5 out of 5 stars Helen Keller: Toward the Light   February 14, 2006
I gave this book a five star rating because of its excellence of discribing the life of Hellen Keller from when she was born to finally when she died. This book discribes what she did when she was blind and deaf.
This book was about how smart Helen was when she was little although she was blind and deaf. Some important events were when a teacher named Annie taught her to read with her fingers.Her parents were in desperate of getting her a teacher so she can some what get to learn something and Annie ddi her job very well. Another one is when she also learned to spell by feeling the shape and texture of any object she got. The next on is when Helen knew enough words to spell she was capeable of asking questions. For example she asked "What do my mother, father and sister, and teacher look like?" She also learned how to count with wooden beads and straws. Lastly when Annie and Helen moved in together, because her family thet she had lived with had died, Helen and Annie stoped traveling to make their lecture trips which was caused by the the sad war news. When Annie, the teacher, had died Helen started recieving sympathy letters from strangers around the world. She soon started to give speaches and give help to the blind and the deaf.
I thought this was a great book so i hope you do if you read this book. Enjoy!
-Rachel*



1 out of 5 stars Flat and dull   September 1, 2003
 0 out of 1 found this review helpful

This isn''t the Hellen Keller I remember reading about as a child. I know the book is part of many school libraries, but I found the characters flat and dull. I want more detail. These were fascinating women.

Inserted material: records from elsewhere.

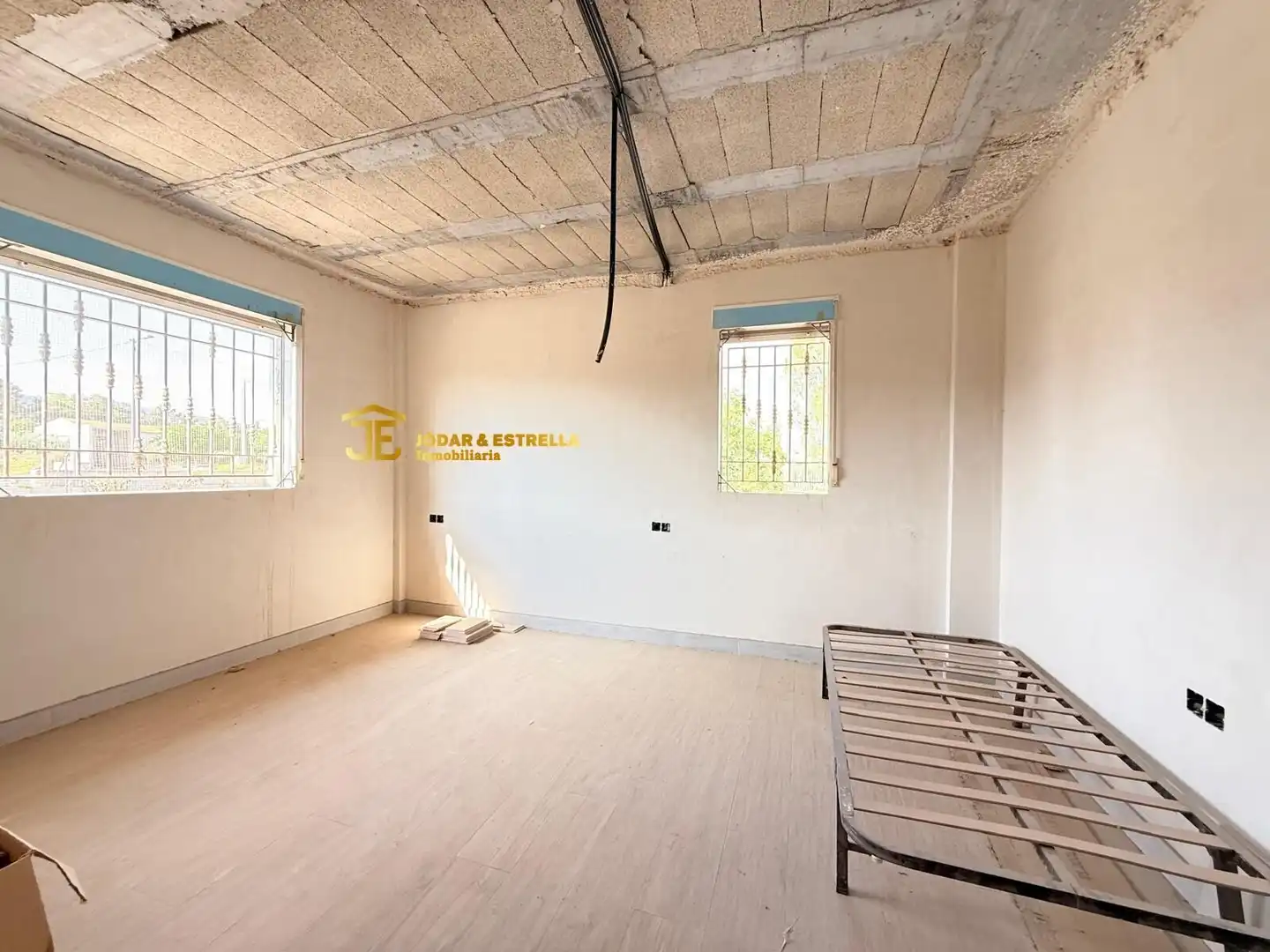 Casa o xalet en venda en Lorca amb Jardí privat, Terrassa i Traster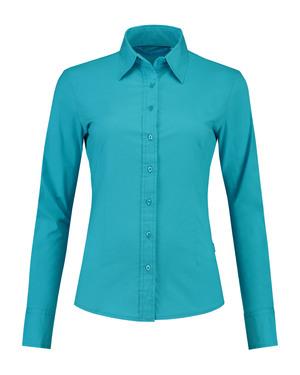 Lemon & Soda LEM3985 - Camicia popin ls donna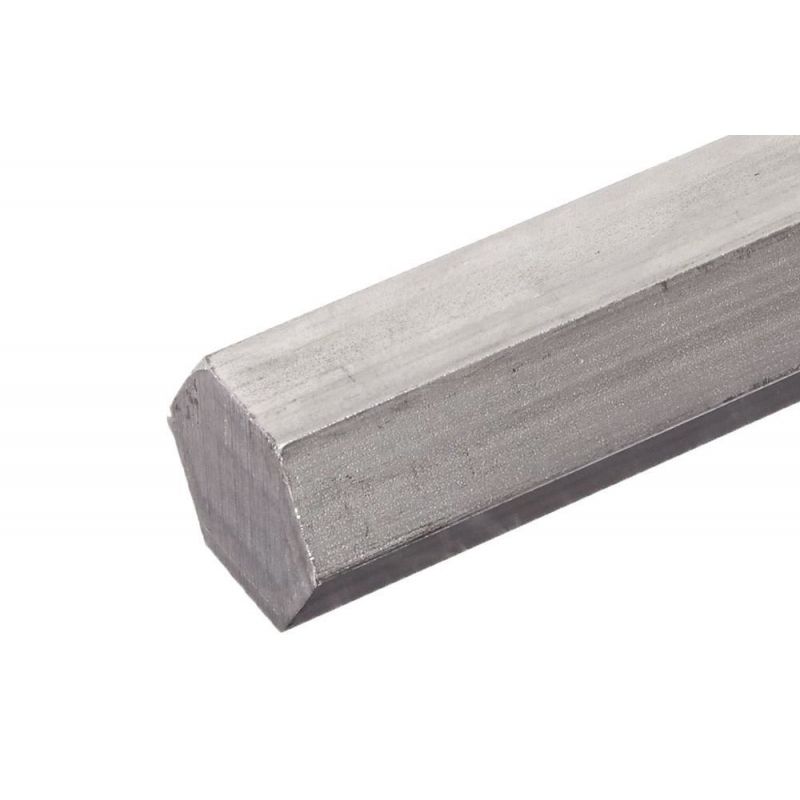 Acier Tige hexagonale Ø4mm-50mm Tige hexagonale hexagonale Fe matériau solide, acier Acier Tige hexagonale Ø4mm-50mm Tige hexagonale hexagonale Fe matériau solide, acier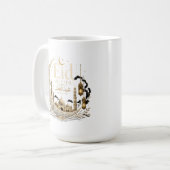 Mug Eid al-Fitr (Devant gauche)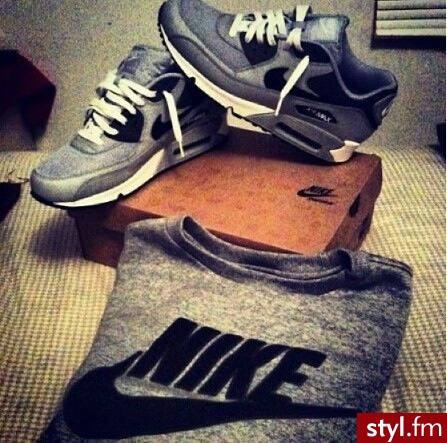 Sportowe Buty Moda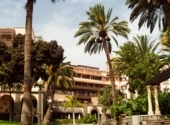Gran Canaria Day 3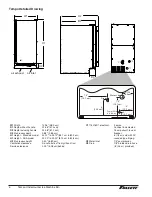 Предварительный просмотр 6 страницы Follett Tempo UCD100A30-CF Operation And Service Manual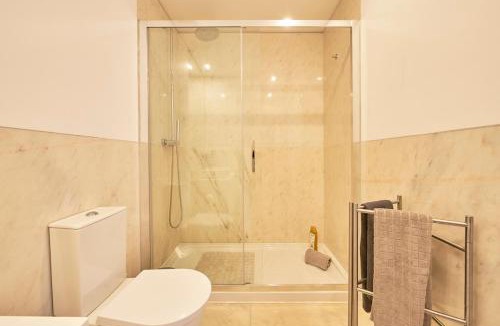 Principe Real Apartment | MSPC Príncipe Charming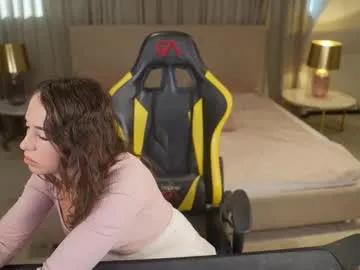 anabel2054 on Chaturbate 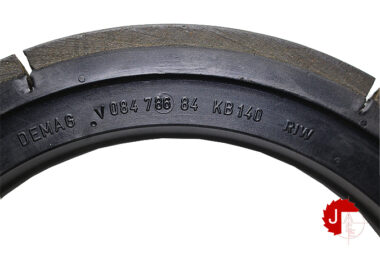 DEMAG 084 786 84 Conical Brake Ring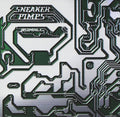 Sneaker Pimps - Becoming X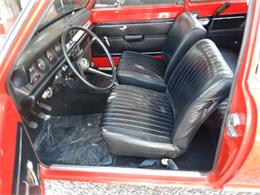 1968 Opel Kadett (CC-1936416) for sale in Woodland Hills, California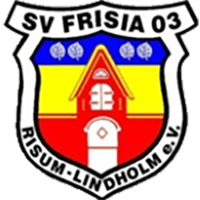 SV Frisia 03 - Logo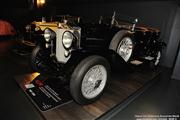 Museo dell'Automobile #Zagato Special - Torino - IT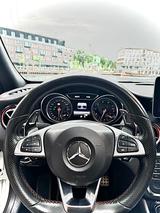 Mercedes-Benz 250 CLA - Mercedes-Benz 250 in Dortmund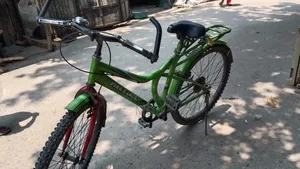 কম দামে খুব ভালো একটি সাইকেল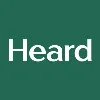 Heard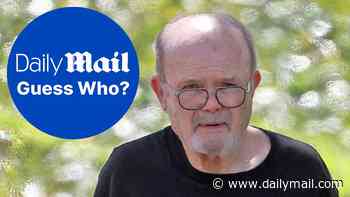 That '70s Show icon who also starred in RoboCop and Rambo surfaces at 83... can YOU guess who he is?
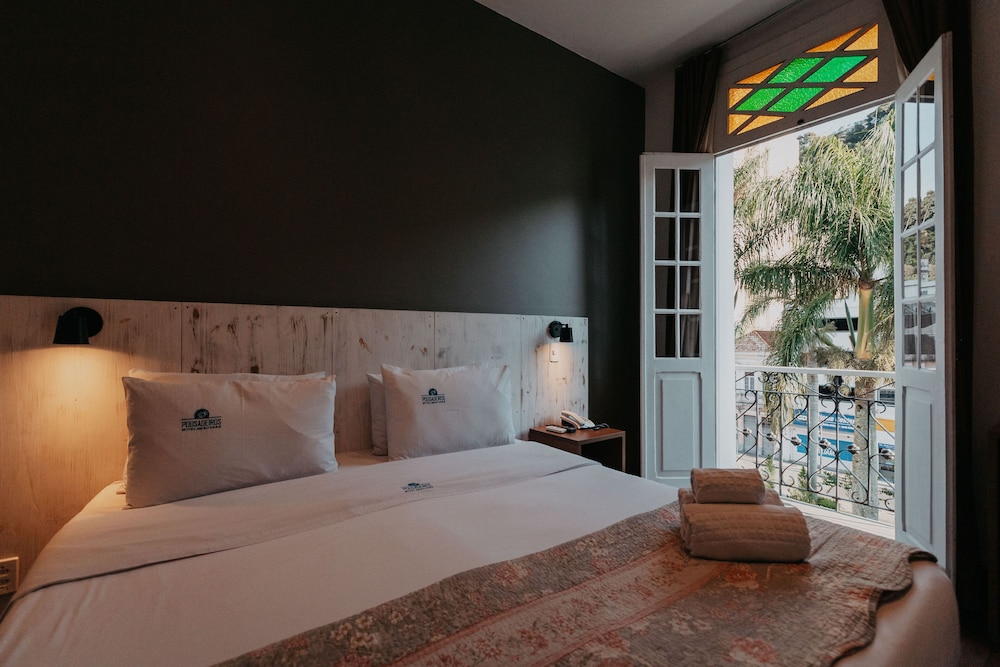 Hotel Grao Para 32/61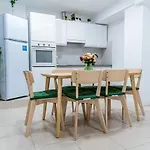 Catedral Reina Apartment Valencia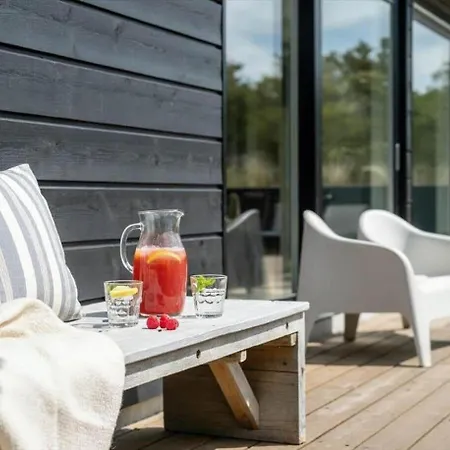 Holiday home Ve010-vejers-strand-torskevej-21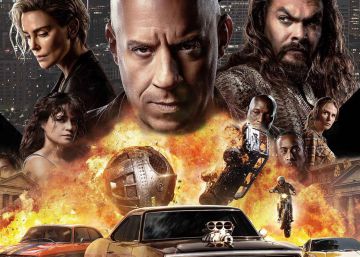 Estrenos que llegan a Netflix, Prime Video y más para el fin de semana del 29 de diciembre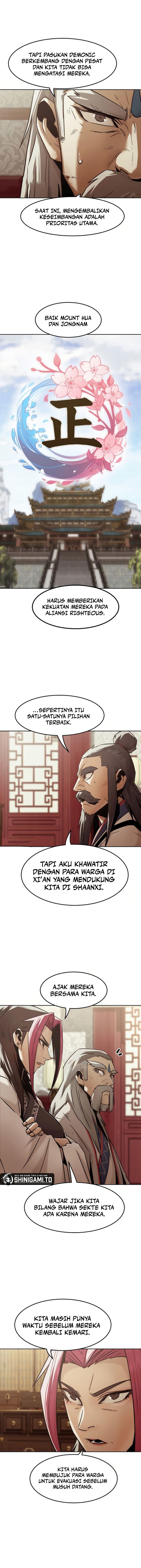 Becoming the Swordmaster Rank Young Lord of the Sichuan Tang Family - Chapter 77 - Page 12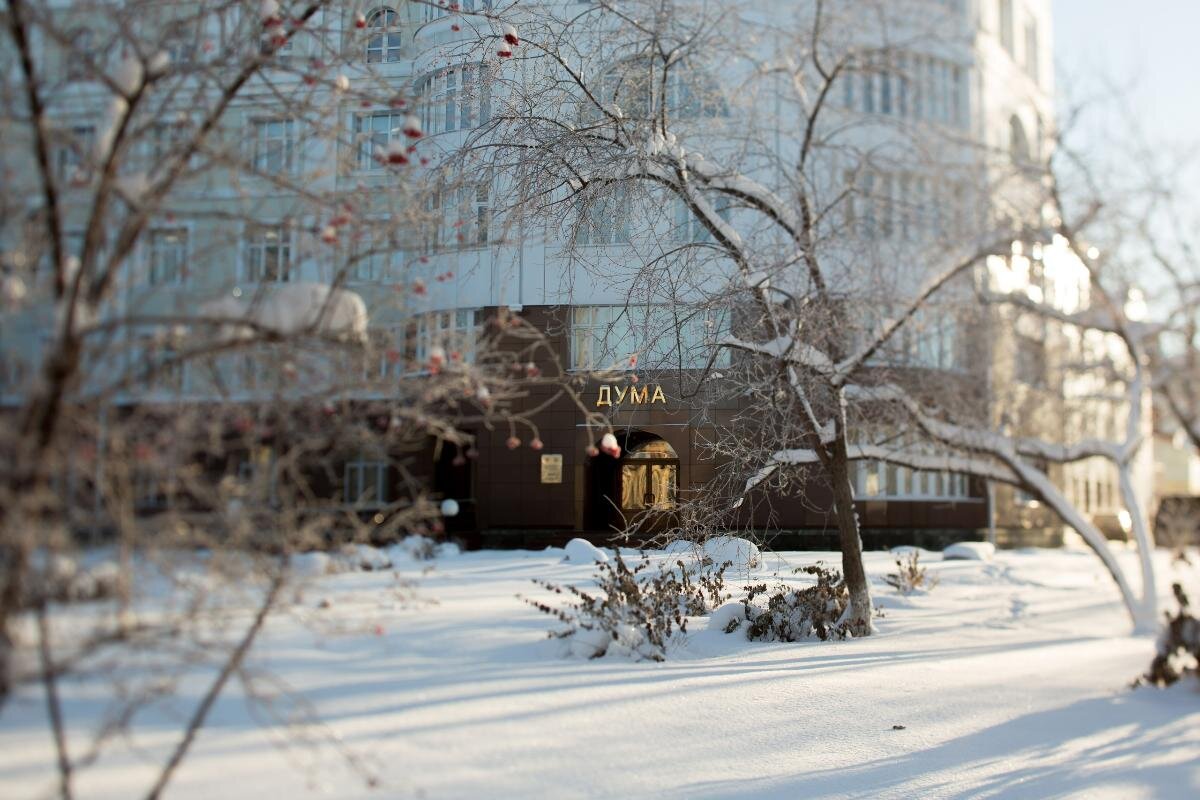    На поддержку участников СВО и их семей в Югре выделяют дополнительные средства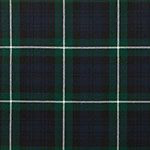 Tartan Clan Scarves A-L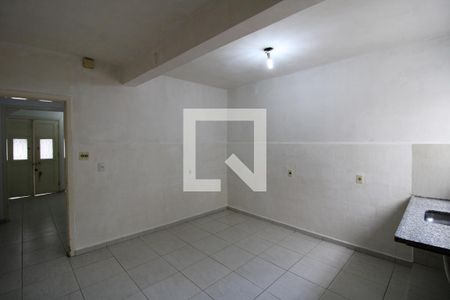 Casa à venda com 85m², 2 quartos e sem vagaCozinha 
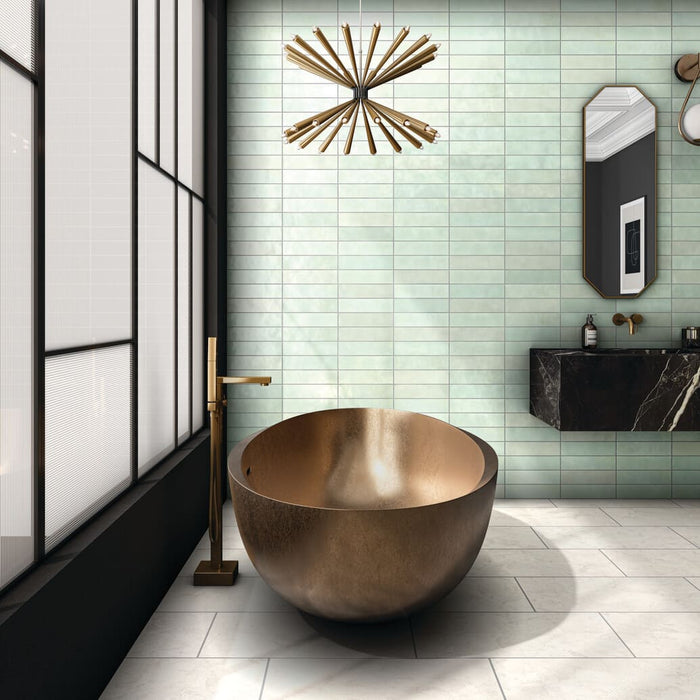 Forgehaus Ripple Wall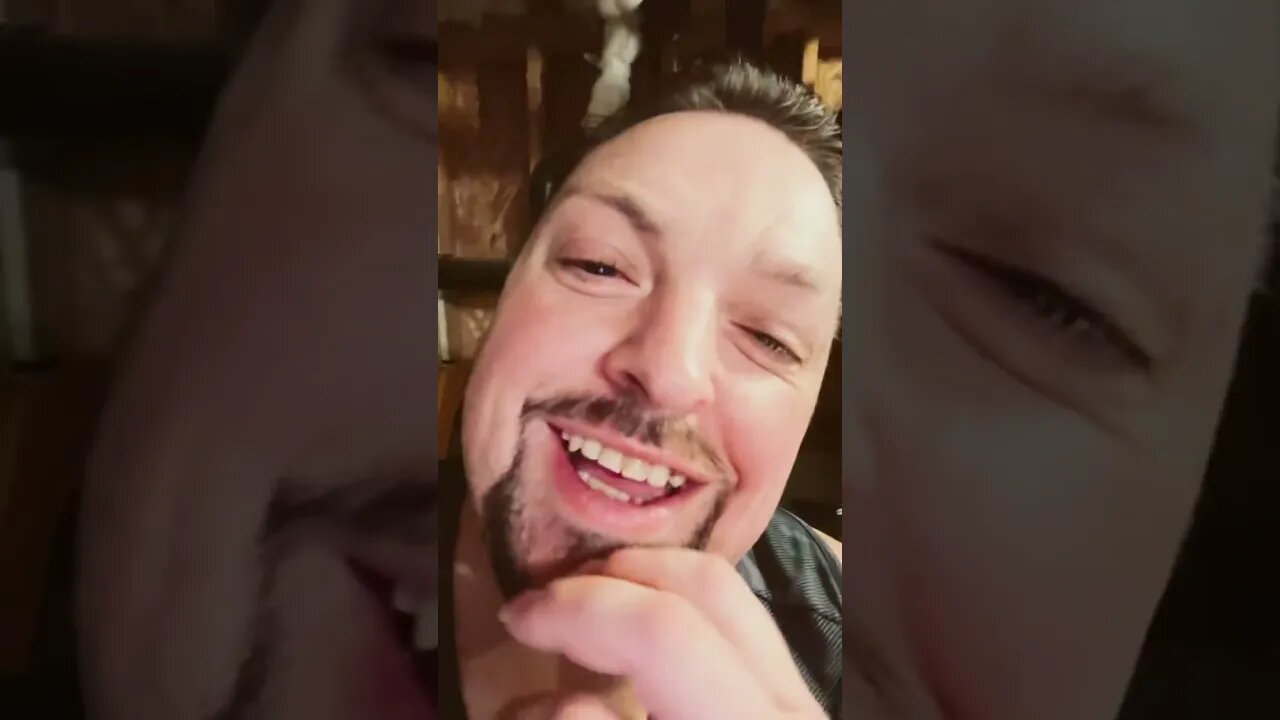 He Called Him Bae? 🤣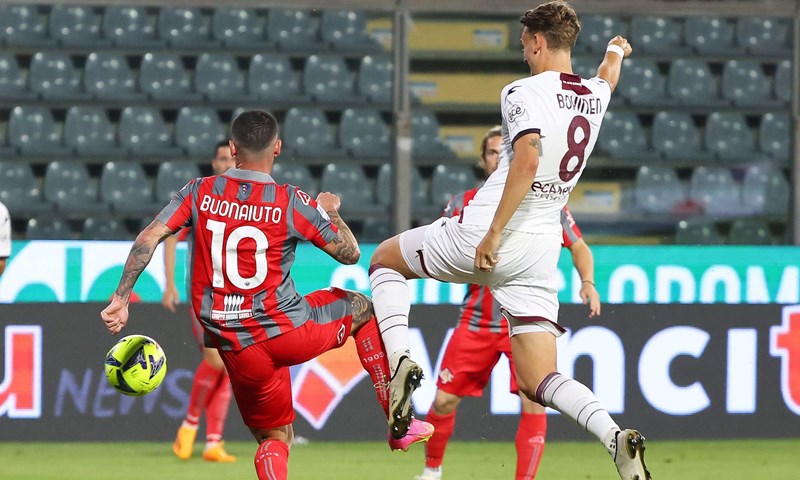 Klub s juga Italije traži povratak u Serie A nakon više od 40 godina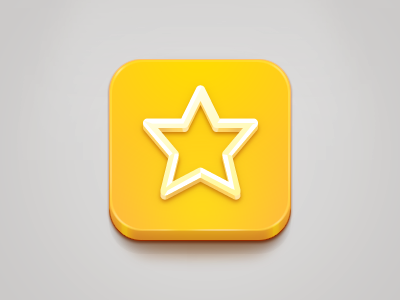 Star Icon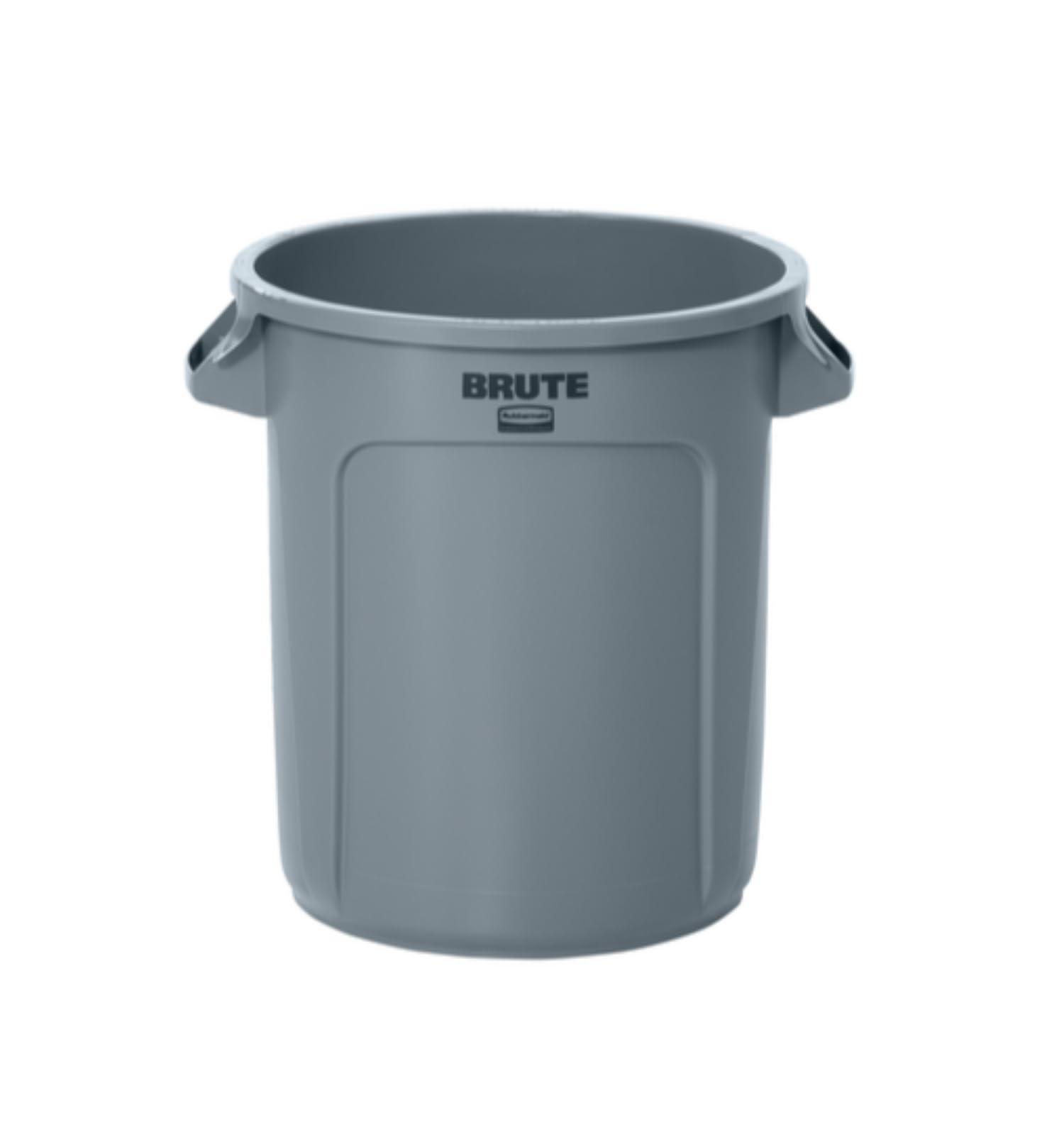 Rubbermaid 37.9 Litre Brute Container - Grey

5 out of 5 stars Helen's mother and father ate their supper sadly?   August 27, 2001
 0 out of 1 found this review helpful

I love this book Helen Keller? Downstairs Helen's mother and father ate their supper sadly because their daughter acted up on their birthday? It is a good book.


4 out of 5 stars almost perfect!   June 5, 2000
 0 out of 3 found this review helpful

when i read this book, i though it was really good. helen went through a hard but good life.